New York’s zoos fulfill a number of roles. For instance they are important centers of conservancy work and as well of course they provide an opportunity for everyday New Yorkers to see in real life, animals, birds and reptles that under normal circumstances would just be pictures in a book or an image in a film or on a TV monitor. However they can also be an important training ground for medical emergencies related to wild animals and especially reptiles.
Staten Island Zoo has a renowned reptile wing which is used to help train doctors in recognizing different types of venomous snakes, how to handle them and most importantly how to treat snake bites. The Eastern Diamondback rattlesnake kills the most people in the United States followed closely by the Western Diamondback. And fortuantely StaTen Island Zoo has particular expertise in rattlesnake bites having once held the most complete rattlesnake collection in the world. It’s not so complete these days but the accumulated knowledge of zoo staff is extremely valuable.

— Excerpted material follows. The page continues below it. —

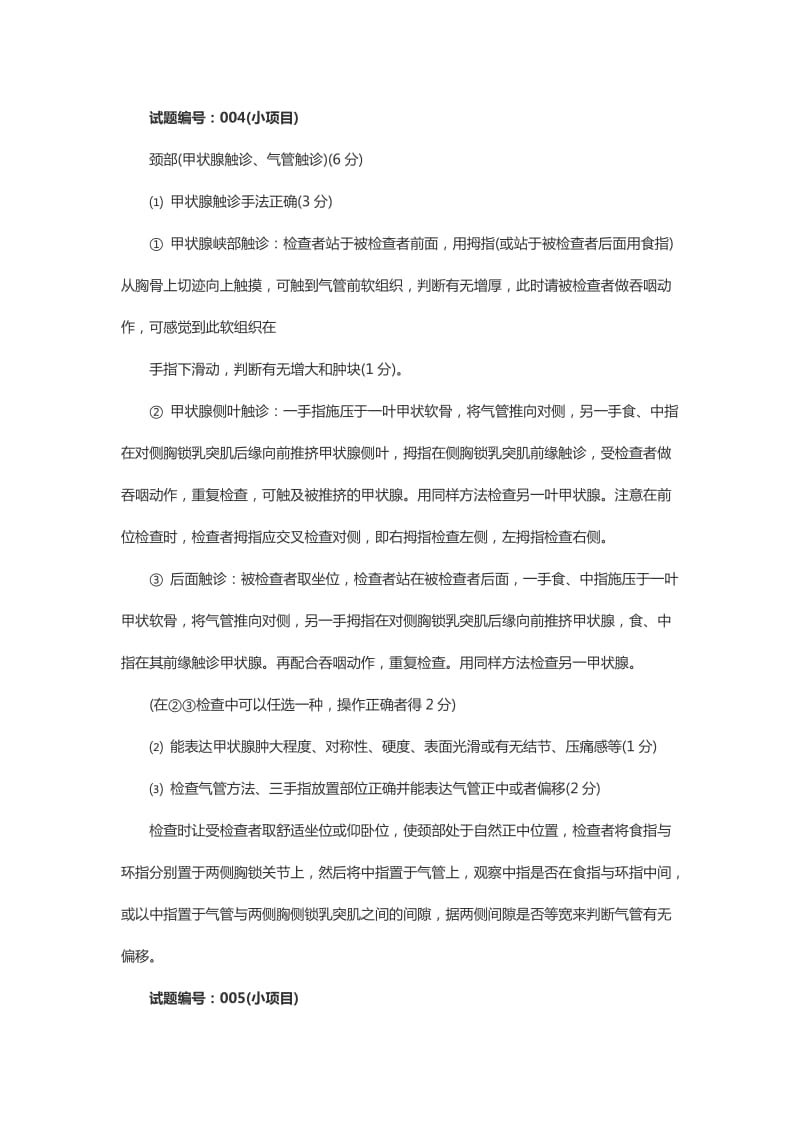 执业医师操作技能考试的查体操作.docx_第3页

The point at which humans and snakes interesect in the modern world are usually unhappy instances of snakes just trying to find soemwhere warm to rest up and the everday activities of people just doing their jobs. So sometimes tilers working on roofs will encounter a snake or landscapers clearing underbrush or even a mechanic opening up the hood of a car to discover a snake curled happily around a warm engine. Apparently snakes are almost never out to get us, they really are just trying to find somewhere warm and safe and our job if we discover one is to not scare them into doing any attacking.
The trainee doctors as well as learning to recognize snakes learn all about how the zoo and the Staten Island University Hospital work together to ensure life saving venoms get to people who have been bitten by snakes, as quickly as possible. Tnis is truly a life saving collabaoration.